• [Directions for this task]:
When you transcribe the data below, reproduce every line exactly and leave each picture out.
**********
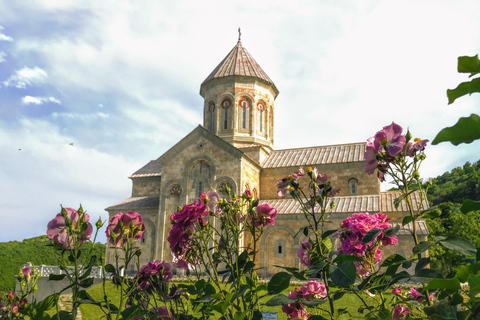 Tbilisi: dagtour Kakheti, Signagi, Telavi en Alaverdi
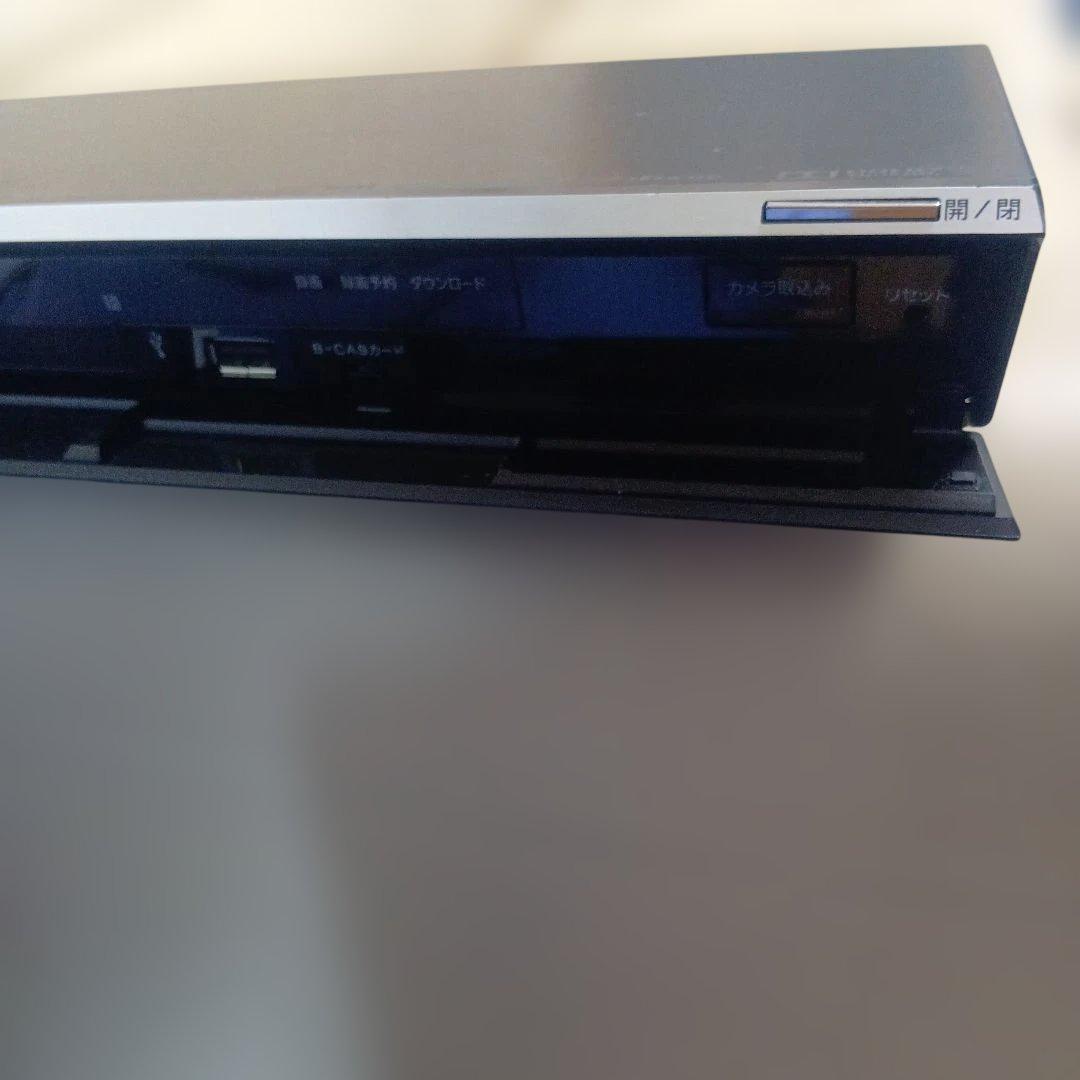 SONY Blu-rayレコーダー BDZ−E500 【良品】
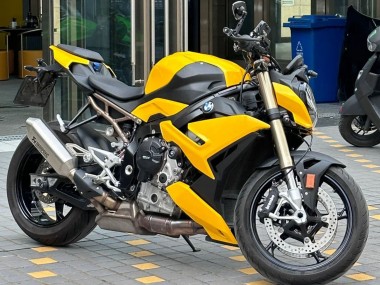 Migliori Carena Moto BMW S1000R 2021-2025 - Giallo
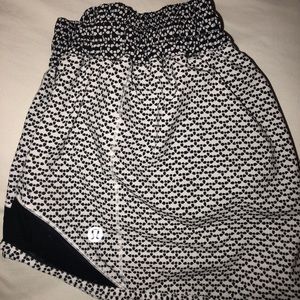 lululemon running shorts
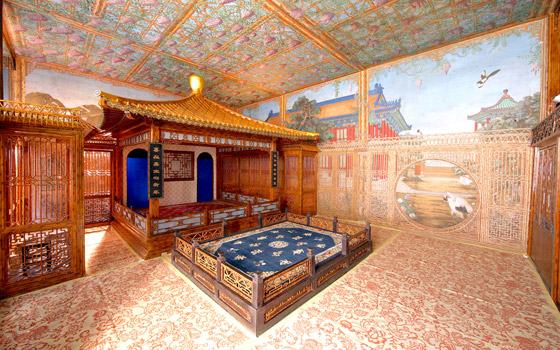 معلومات وأسرار مثيرة عن المدينة المحرمة في الصين ينبغي أن تعرفها..! صورة رقم 6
**********
• [Answer to this task]:
 Tbilisi: dagtour Kakheti, Signagi, Telavi en Alaverdi
 SONY Blu-rayレコーダー BDZ−E500 【良品】
 Migliori Carena Moto BMW S1000R 2021-2025 - Giallo
 lululemon running shorts
 معلومات وأسرار مثيرة عن المدينة المحرمة في الصين ينبغي أن تعرفها..! صورة رقم 6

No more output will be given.